While protein is the number one ingredient of a Bengal’s diet, you must ensure they are also receiving enough vitamins and minerals. The best way to include them is to supplement your Bengal’s diet with vitamin and mineral enriched cat food – the best quality you can afford is a good place to start. The ingredient label will tell you all you need to know.

What Foods Should A Bengal Never Eat?

In the same way that there are foods you will encourage your Bengal to eat, there are certain foods you will want to avoid at all costs! If your Bengal tends to jump onto the kitchen counter, take care when cooking with the following foods.

Foods That Are Toxic For Bengals

Foods that are toxic for Bengals include:

  • Avocados contain Persin – toxic to the Bengal cat
  • Caffeine found in chocolate and coffee
  • Liver, while healthy in small quantities, is high in vitamin A and can easily cause vitamin A toxicity
  • Alcohol or yeast results in alcohol poisoning which can damage your Bengal’s brain and liver

Foods That May Cause Issues For Your Bengal

Foods that may cause health issues for your Bengal include:

  • Raw eggs can be a source of Salmonella – a type of food poisoning
  • Macadamia nuts are high in fat which can lead to indigestion and pain
  • Raw potatoes and tomatoes contain a chemical harmful to the digestive tract
  • Xylitol sweetener can have a drastic effect on a Bengal’s blood sugar

In addition to toxic and harmful foods, whole bones should be avoided as they can cause choking or perforation of their delicate intestinal tract.

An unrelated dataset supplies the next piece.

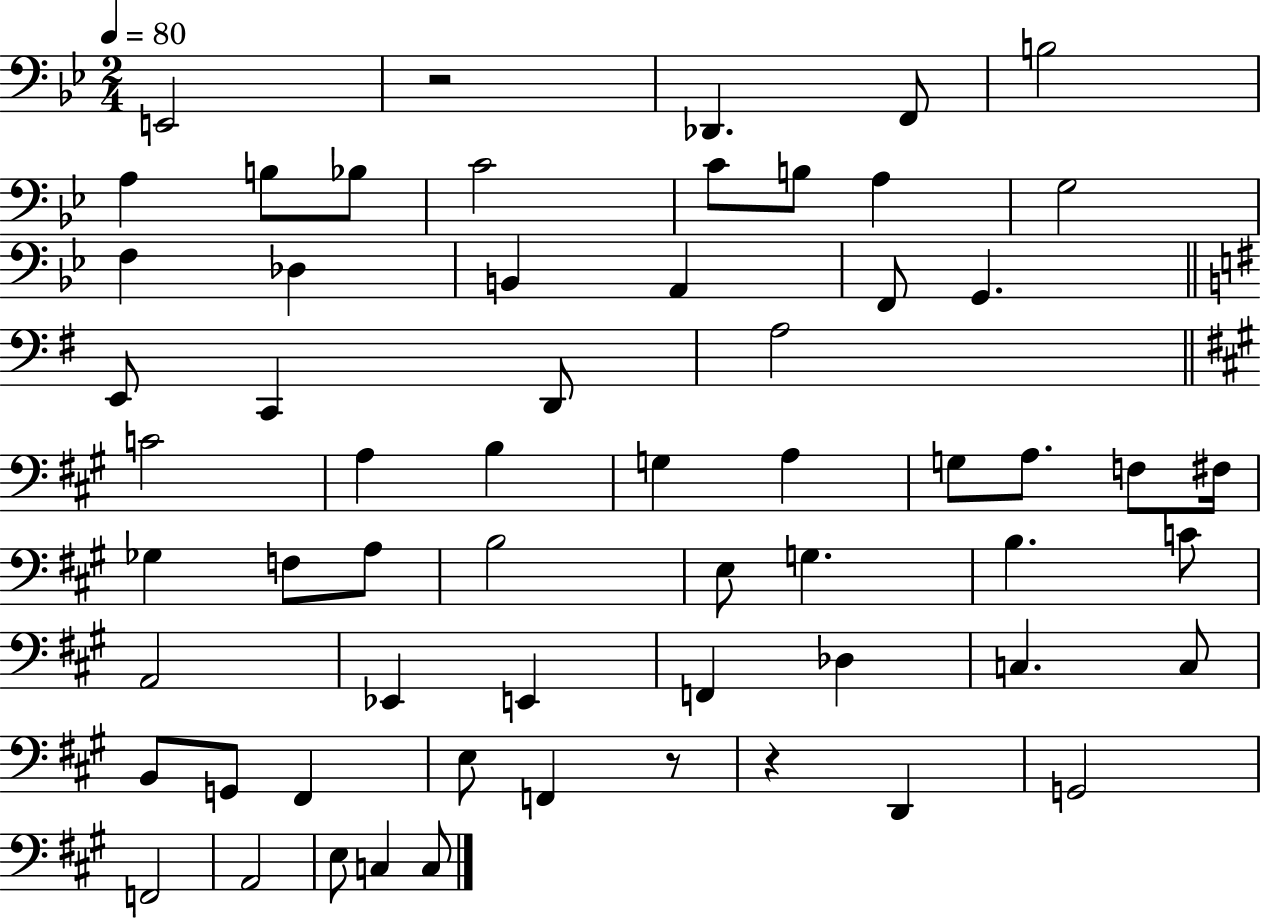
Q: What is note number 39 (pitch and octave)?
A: C4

Do Bengal Cats Have Food Allergies?

10% of Bengal cats develop food allergies. Signs of an allergy mimic a human’s experience: itchiness, swelling, indigestion, etc. If you’re concerned that your Bengal is allergic to a certain food, try the elimination diet.

Take your Bengal cat’s diet down to its simplest form (raw meat is best) for a while and then carefully add in other high-quality foods and note any allergic reactions. This will allow you to identify the culprit that is causing the allergic reactions in a safe and controlled way.

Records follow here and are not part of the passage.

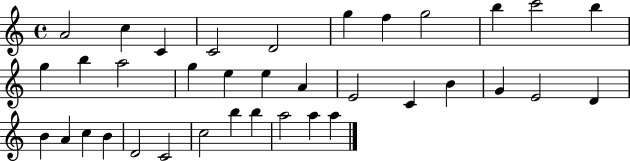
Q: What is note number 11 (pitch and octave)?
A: B5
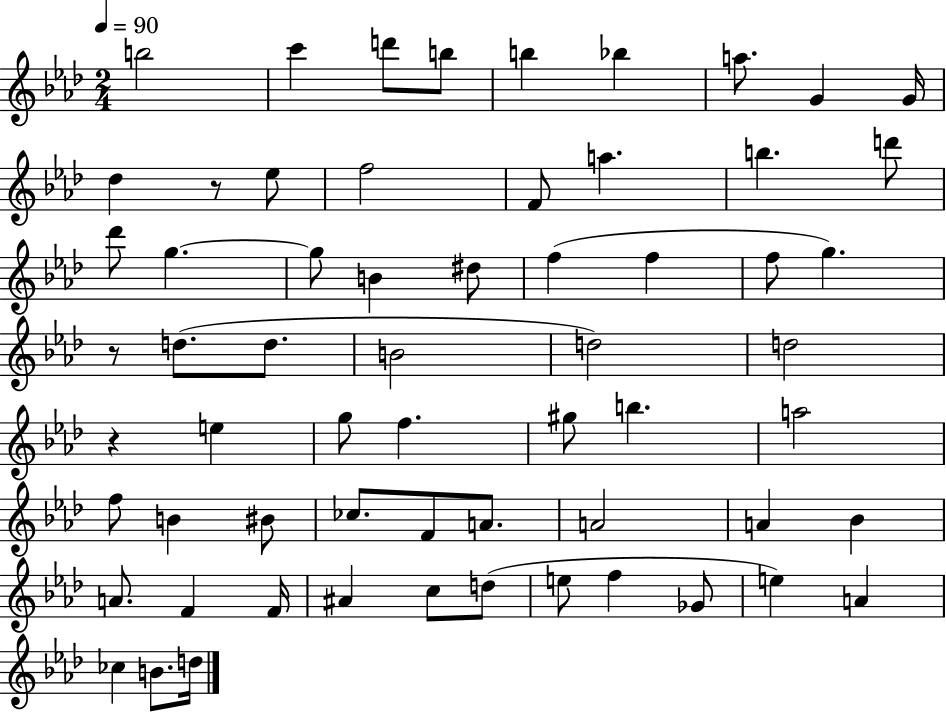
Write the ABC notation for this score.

X:1
T:Untitled
M:2/4
L:1/4
K:Ab
b2 c' d'/2 b/2 b _b a/2 G G/4 _d z/2 _e/2 f2 F/2 a b d'/2 _d'/2 g g/2 B ^d/2 f f f/2 g z/2 d/2 d/2 B2 d2 d2 z e g/2 f ^g/2 b a2 f/2 B ^B/2 _c/2 F/2 A/2 A2 A _B A/2 F F/4 ^A c/2 d/2 e/2 f _G/2 e A _c B/2 d/4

Can Diet Affect A Bengal Cat’s Behavior?

Besides health issues, the most obvious sign that your Bengal’s diet needs revising is a change in behavior (for the worse) or persistent negative behavior. A sudden increase in noise-making or destructive behavior, not always but often, indicates a sub-optimal diet. Many Bengal owners report an improvement in behavior after a diet change.

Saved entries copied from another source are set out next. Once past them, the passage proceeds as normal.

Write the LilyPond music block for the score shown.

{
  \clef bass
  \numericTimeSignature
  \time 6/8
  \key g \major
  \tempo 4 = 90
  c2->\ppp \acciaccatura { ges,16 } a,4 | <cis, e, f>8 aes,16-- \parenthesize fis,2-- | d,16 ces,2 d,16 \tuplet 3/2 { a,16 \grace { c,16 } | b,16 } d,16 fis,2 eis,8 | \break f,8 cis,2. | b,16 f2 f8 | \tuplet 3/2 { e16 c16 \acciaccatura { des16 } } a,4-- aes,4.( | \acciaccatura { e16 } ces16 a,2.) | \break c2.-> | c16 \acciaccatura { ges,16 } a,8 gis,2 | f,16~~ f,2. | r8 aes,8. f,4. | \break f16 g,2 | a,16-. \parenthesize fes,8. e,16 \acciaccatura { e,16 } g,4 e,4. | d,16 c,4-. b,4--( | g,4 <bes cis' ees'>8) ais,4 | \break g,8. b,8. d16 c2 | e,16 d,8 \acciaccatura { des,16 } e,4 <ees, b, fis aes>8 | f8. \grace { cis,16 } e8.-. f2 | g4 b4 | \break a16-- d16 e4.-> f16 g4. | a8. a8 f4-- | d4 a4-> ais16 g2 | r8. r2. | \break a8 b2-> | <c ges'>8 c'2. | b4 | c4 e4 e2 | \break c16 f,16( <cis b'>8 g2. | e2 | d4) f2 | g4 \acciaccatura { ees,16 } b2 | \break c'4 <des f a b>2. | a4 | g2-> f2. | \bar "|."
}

Don’t limit your Bengal’s calories if they aren’t overweight. The easiest diet change to make is simply to offer an additional meal each day. Whether this increases the daily calorie intake or splits the same calories across more frequent meals, it can be a very effective way to combat behavioral concerns.

In nature, Leopard Cats expel energy in between meals. By increasing the frequency of your Bengal’s meals, you will help your cat establish the natural rhythm of eating smaller portions followed by exercising, which can improve the digestion and overall contentment of these active cats.

If your Bengal seems continually hungry, consider a change in cat food. Often, even if a diet is sufficient in calories, it may not be digested well due to nutrient deficiencies. Take a closer look at your Bengal’s diet and try something new. When in doubt, chat to your vet for an expert take on your complicated but fascinating semi-feral cat!

Final Thoughts

On average, adult Bengal cats eat between 20-25% more than average domestic cats. Their genetic makeup includes Asian Leopard Cat and Egyptian Mau. This exotic blend has resulted in a domestic cat that has a higher metabolism, a larger, more muscular build, and a greater calorie requirement.